Di ritorno dal viaggio in Australia il bilancio del Papa. Nei telegrammi inviati ai tredici stati sorvolati, benedizioni cattoliche a capi di stato musulmani.

                Simone Di Stefano

Questo Papa non si ferma mai. Da ovest a sud, da nord a est. Peripli, piroette e peripezie per Joseph Ratzinger, al secolo Papa Benedetto “decimo sesto”, come amano chiamarlo i più eruditi e romantici di tempi passati, quando veramente essere Papa significava molto più che esser privilegiati. Accade allora che di ritorno da un viaggio all’estero, in rappresentanza del proprio paese, un capo di stato invii telegrammi agli stati sorvolati.

Ovvio, perché ogni volta che Benedetto XVI si reca in viaggio in qualità di Papa, lo fa a nome dello stato che rappresenta, in questo caso il Vaticano. Un viaggio che il Papa ha intrapreso mentre in Italia, un paesino così vicino al Vaticano, Bossi si scagliava contro l’inno di Mameli, il caso Del Turco faceva tornare l’incubo di tangentopoli, Napoli era ancora piena di rifiuti (nonostante i proclami di Silvio Berlusconi) e in Parlamento passava la legge salva Premier.
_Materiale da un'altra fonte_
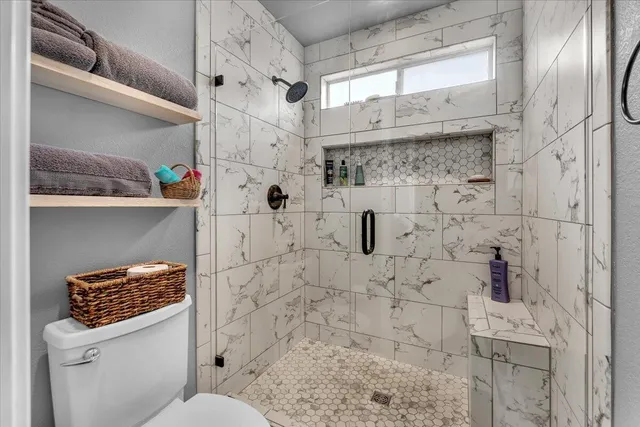 a bathroom with a toilet sink and shower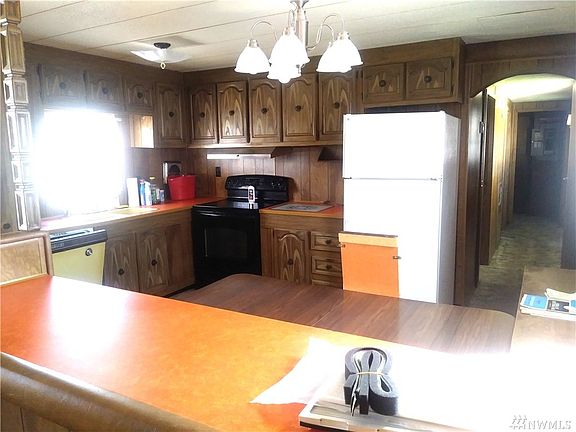Kitchen standing from living room. Dining table stays with house.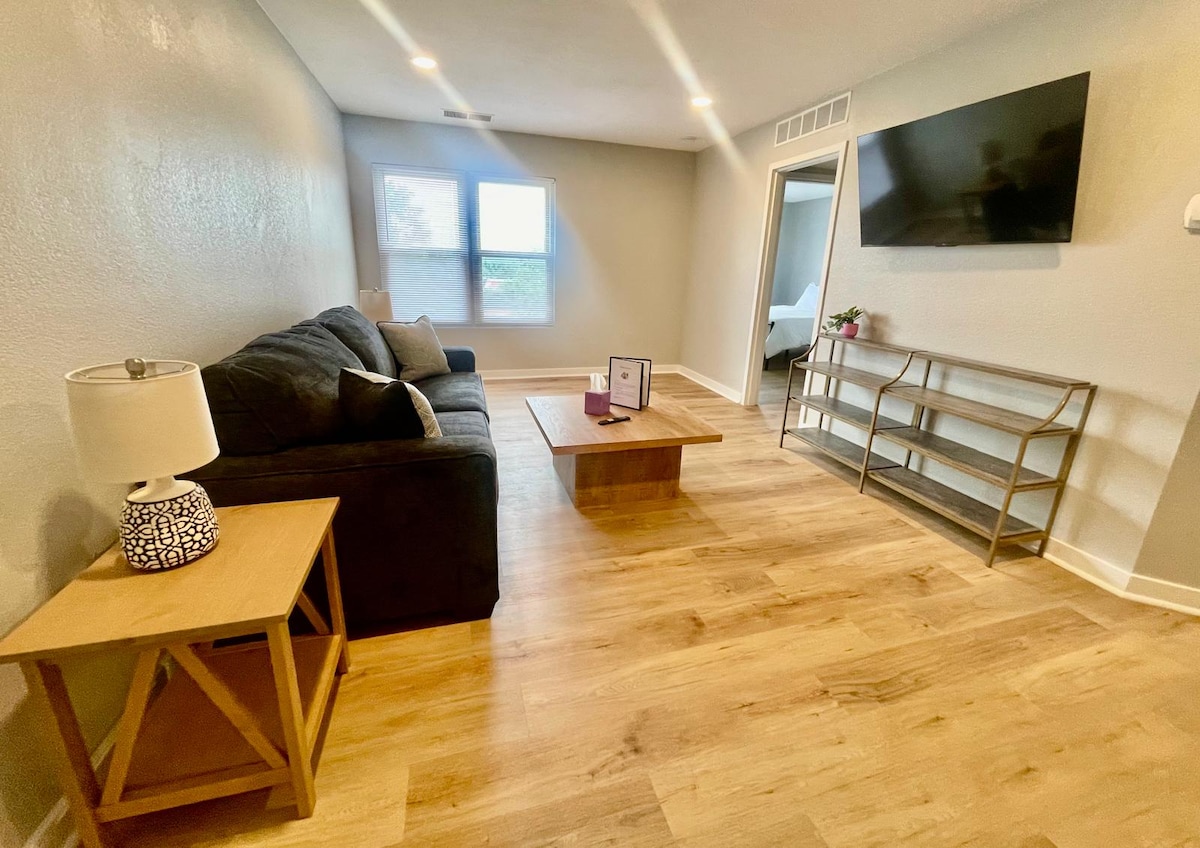 A well-lit living area features a comfortable dark sofa and a wooden coffee table. A decorative lamp sits on a side table. Natural light enters through two windows, highlighting the warm wood flooring. A wall-mounted TV is present, enhancing the space.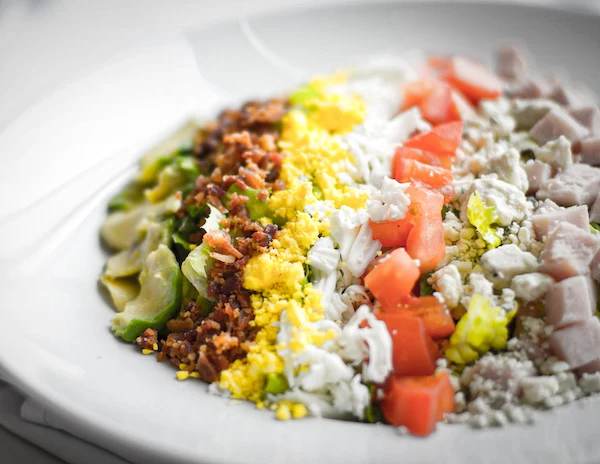 a plate of salad toppings to make a cobb salad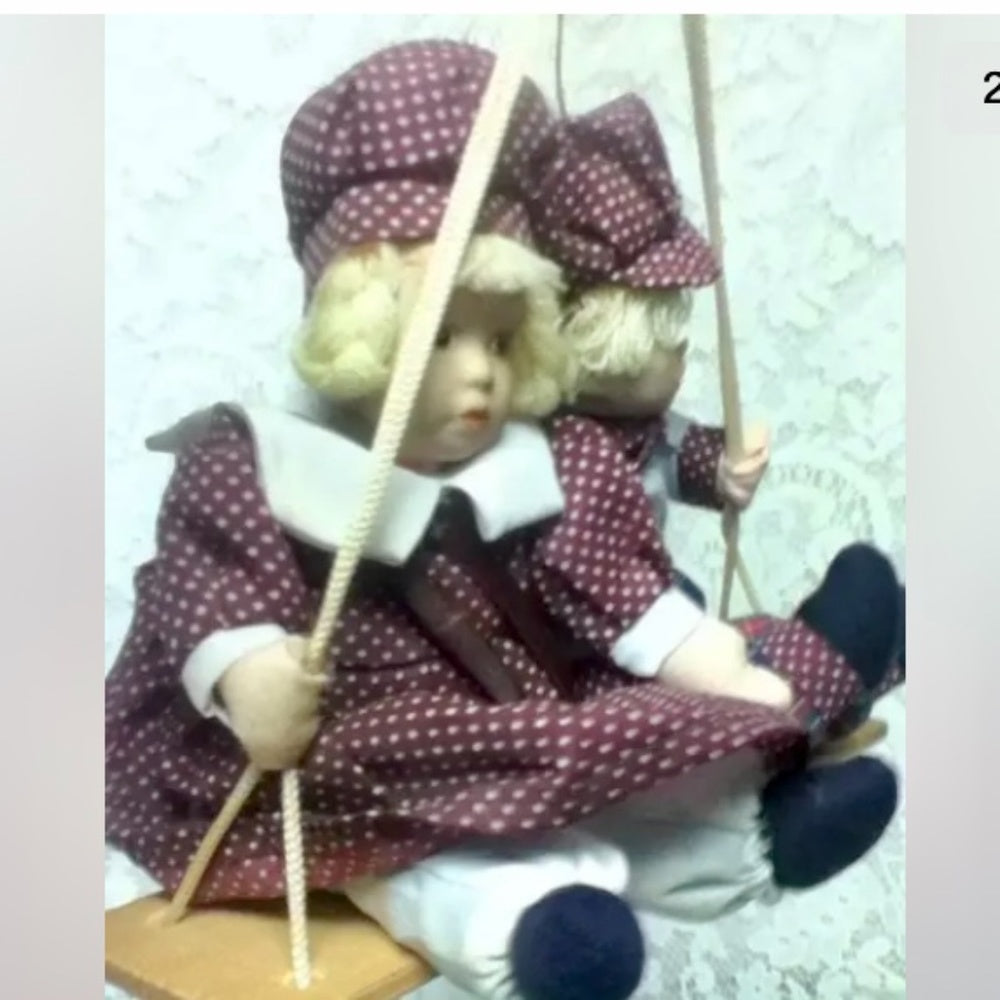 Beautiful, 9-inch, Boy And Girl Dolls on a Swing
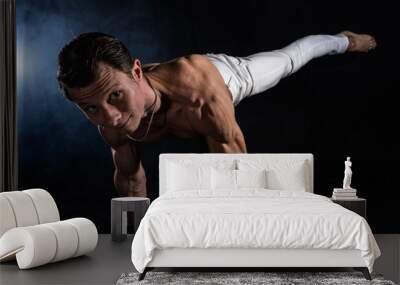 Muscular man making planche on black black background Wall mural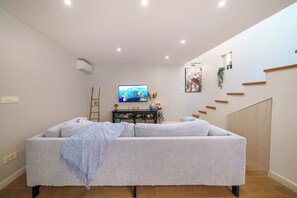 Ein Wohnzimmer mit Sofa, Fernseher und einer Treppe.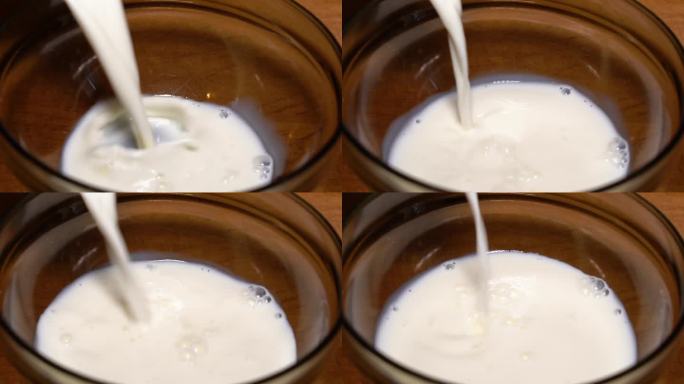 鲜牛奶倒进木桌上的碗里。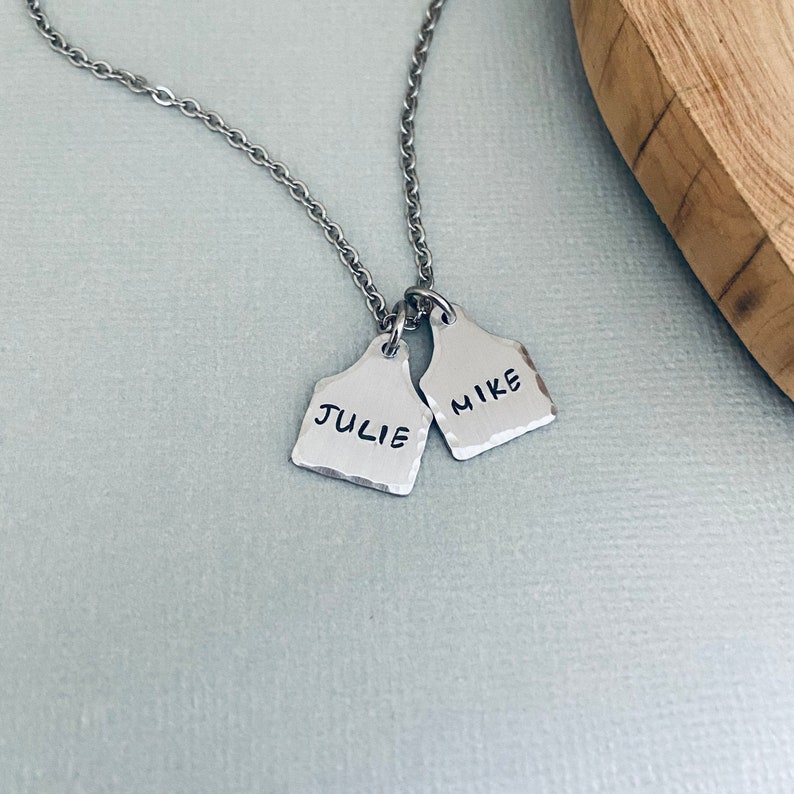 Op de afbeelding: Een zilveren ketting met twee zilveren hangers. De hangers zijn gevormd als een koe-hanger en hebben de namen "Julie" en "Mike" erop gegraveerd.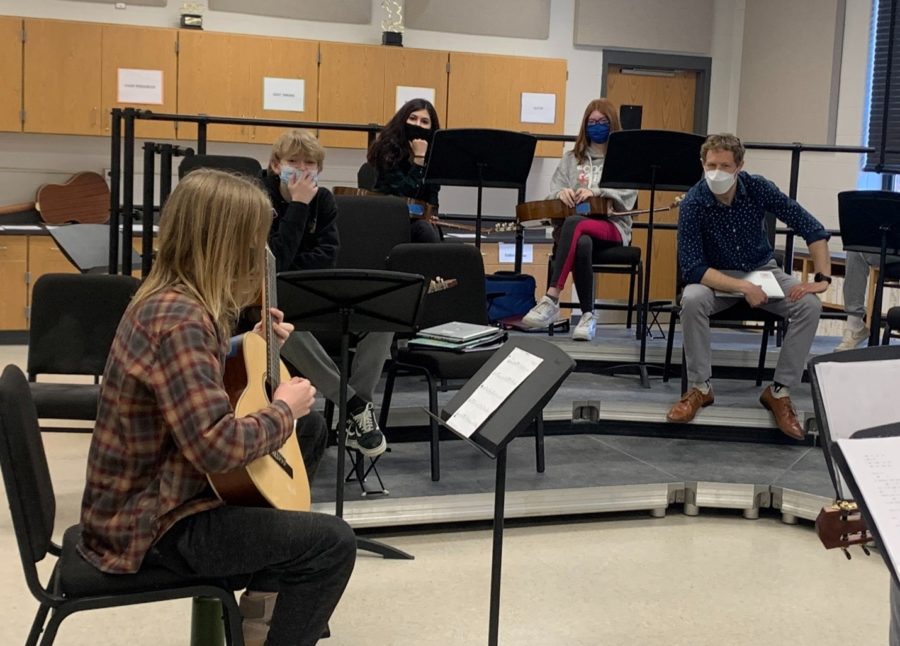 Students in Mr. Sobel's intermediate and advanced guitar classes listening to senior Ben Pfitzinger play a solo piece. 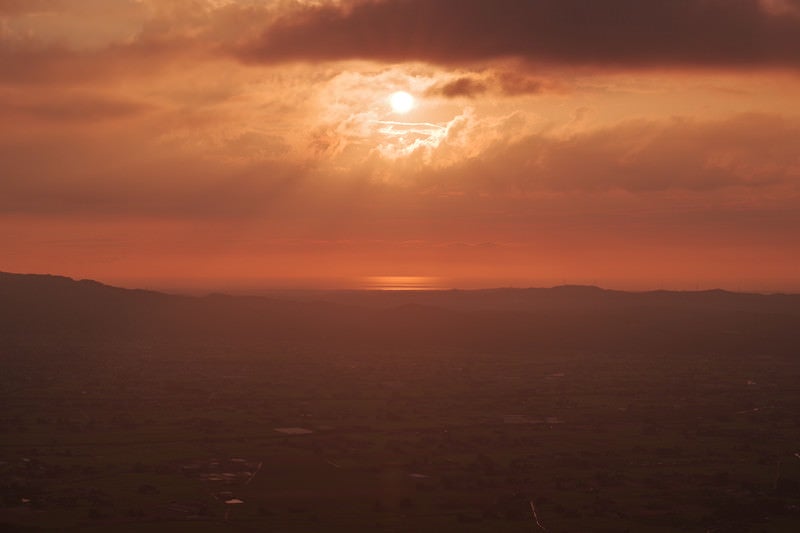 夕暮れに染まる雲間から見える太陽（富山県南砺市）の写真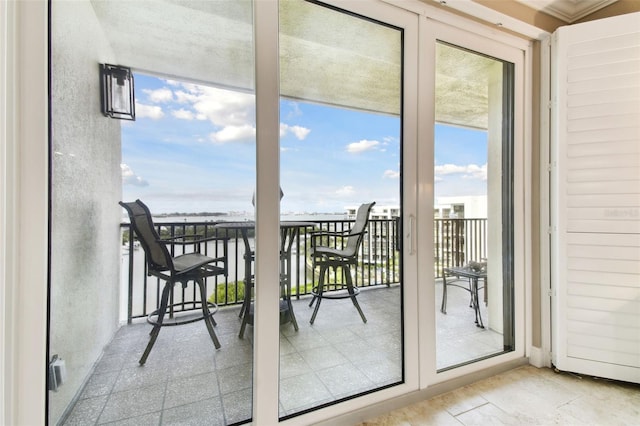 entryway featuring a healthy amount of sunlight and a water view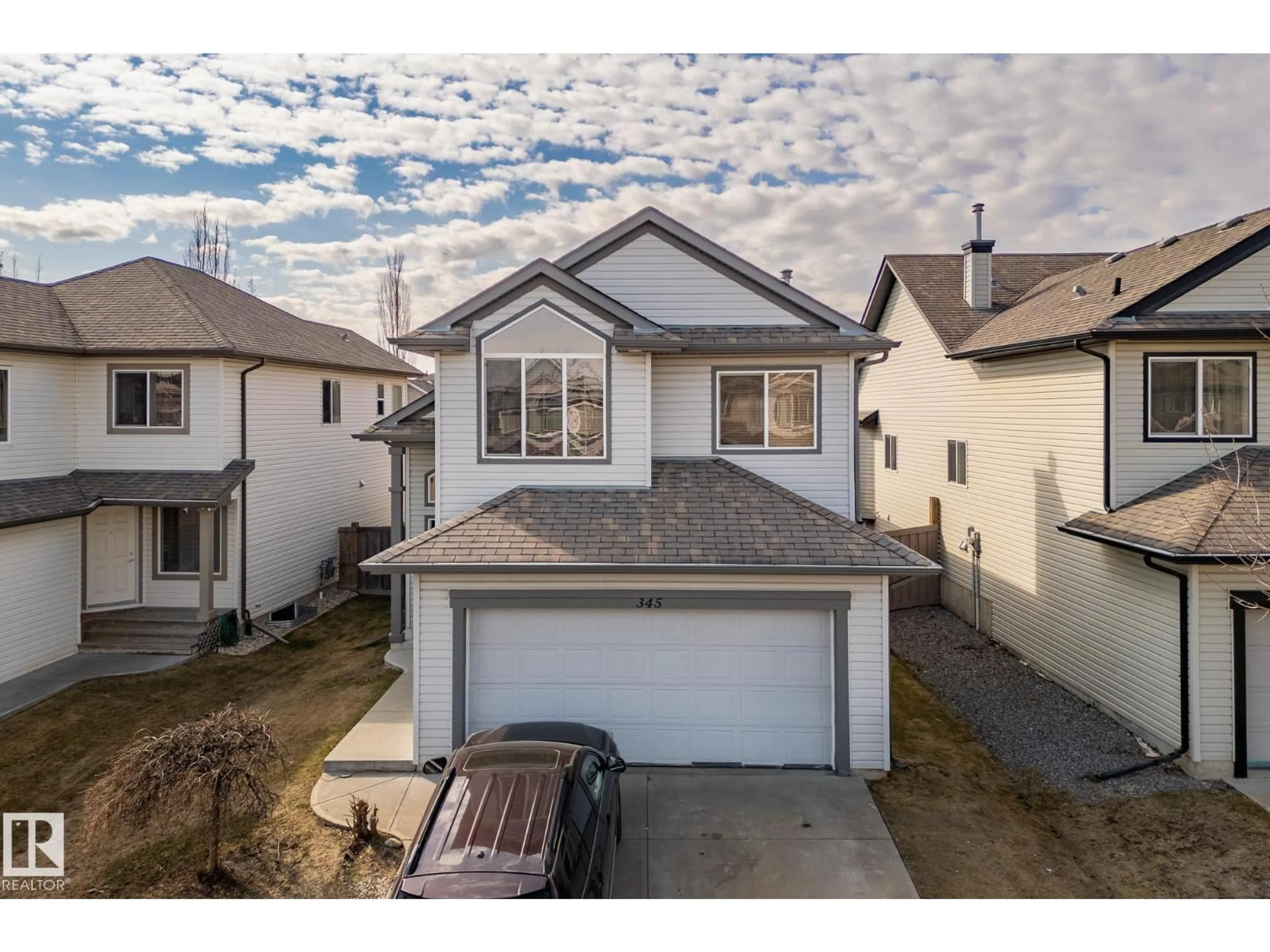 A pic from outside/outdoor area/front of a property/back of a property/a pic from drone, street for 345 MACEWAN RD, Edmonton Alberta T6W1V8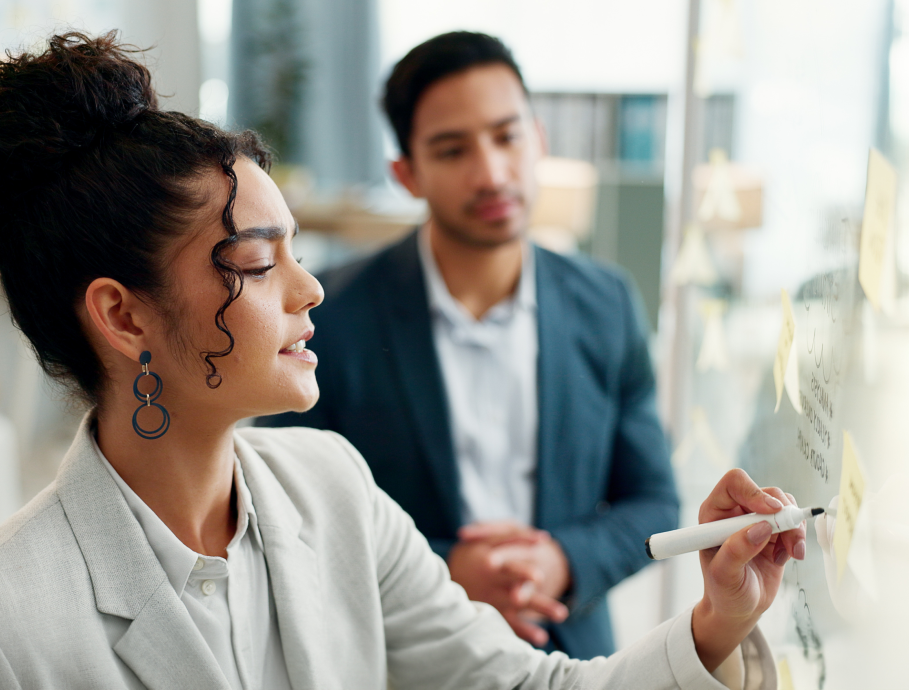 Mulher escrevendo em um quadro branco com post-its, enquanto um homem a observa em um ambiente de escritório.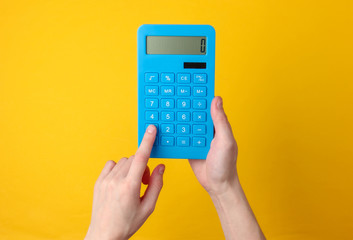 Hand holds blue calculator on yellow background. - obrazy, fototapety, plakaty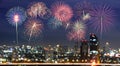 Colorful fireworks on blur city skyline background Royalty Free Stock Photo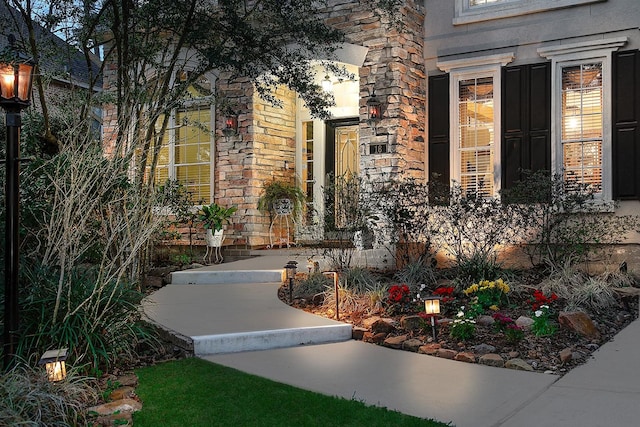 view of exterior entry featuring stone siding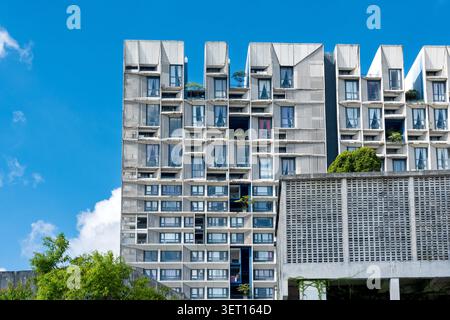Ein modernes mehrstöckiges Wohngebäude mit einer komplexen Betonfassade, geometrischen Fenstern und grünen Balkonpflanzen vor einem hellen Stockfoto
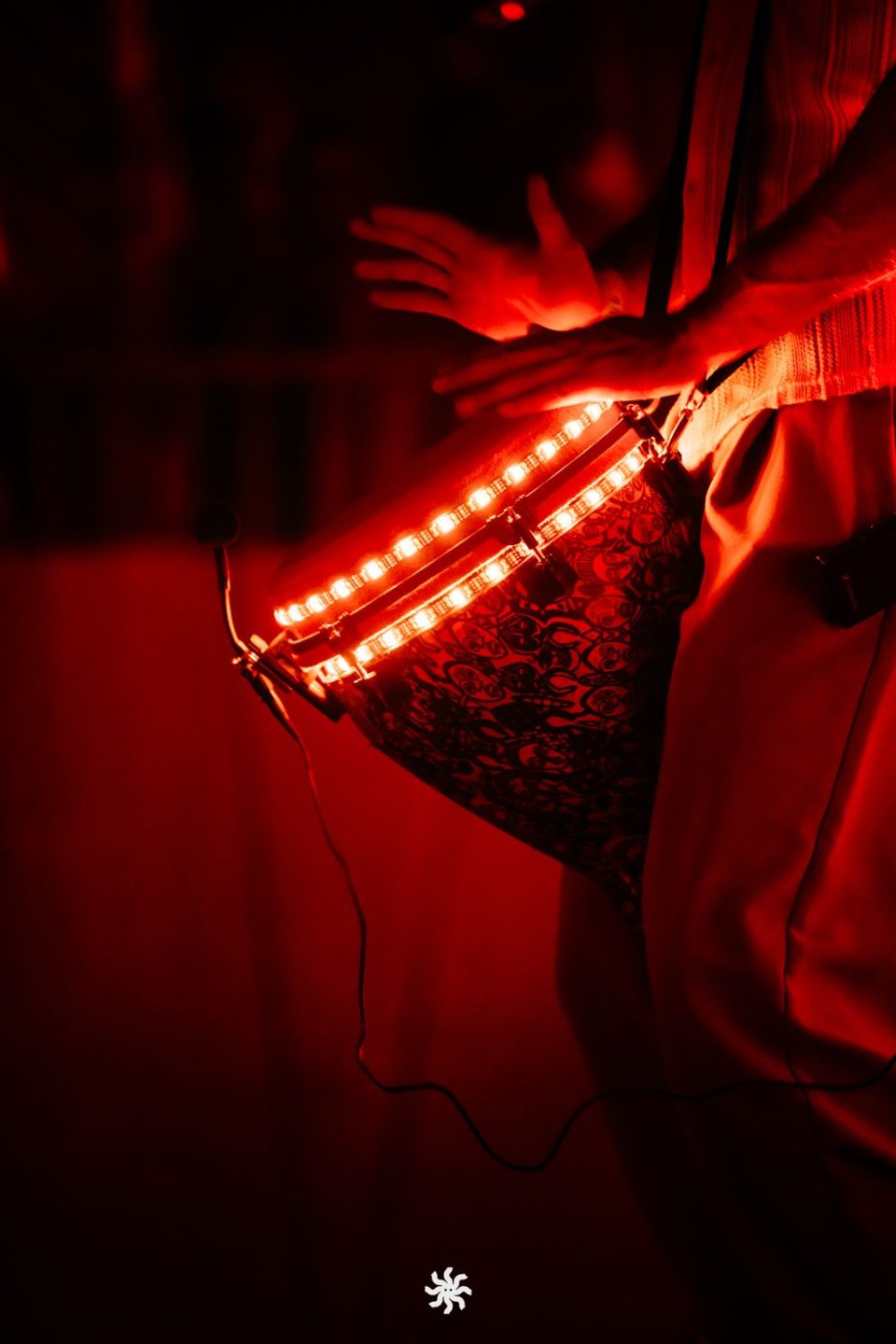 Hands playing a red-lit LED djembe in a dark room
Sua Santità invece se ne stava pacioso tra maori e canguri a professare la parola di Dio. Non c’è nulla di male, tanto che al Vaticano cosa mai può interessare la sorte dell’Italia? Altro stato, altra lingua, altra economia, altri interessi (quelli soprattutto). Alla stregua della Norvegia o del Congo.

Di ritorno, una volta atterrato all’aeroporto di Ciampino alle ore 22.58 di ieri sera, Benedetto XVI è stato accolto dal sottosegretario alla Presidenza del Consiglio, Gianni Letta, e come da prassi ha inviato un telegramma al Presidente della Repubblica italiana, Giorgio Napolitano: « Al rientro dal viaggio apostolico – si legge nel testo – che mi ha condotto in Australia, in particolare a Sydney, dove ho avuto la gioia di incontrare giovani provenienti da tutto il mondo, pronti a lasciarsi guidare dalla forza dello Spirito Santo per contribuire generosamente alla costruzione della civiltà dell’amore, desidero inviare a lei, signor presidente, e alla diletta nazione italiana il mio cordiale saluto invocando su tutti le benedizioni di Dio». Rieccoci. Allora non siamo stati proprio del tutto abbandonati dal Santo Padre. Allora lui ancora ci pensa. La preoccupazione che se ne fosse rimasto con i maori effettivamente aveva pervaso a molti.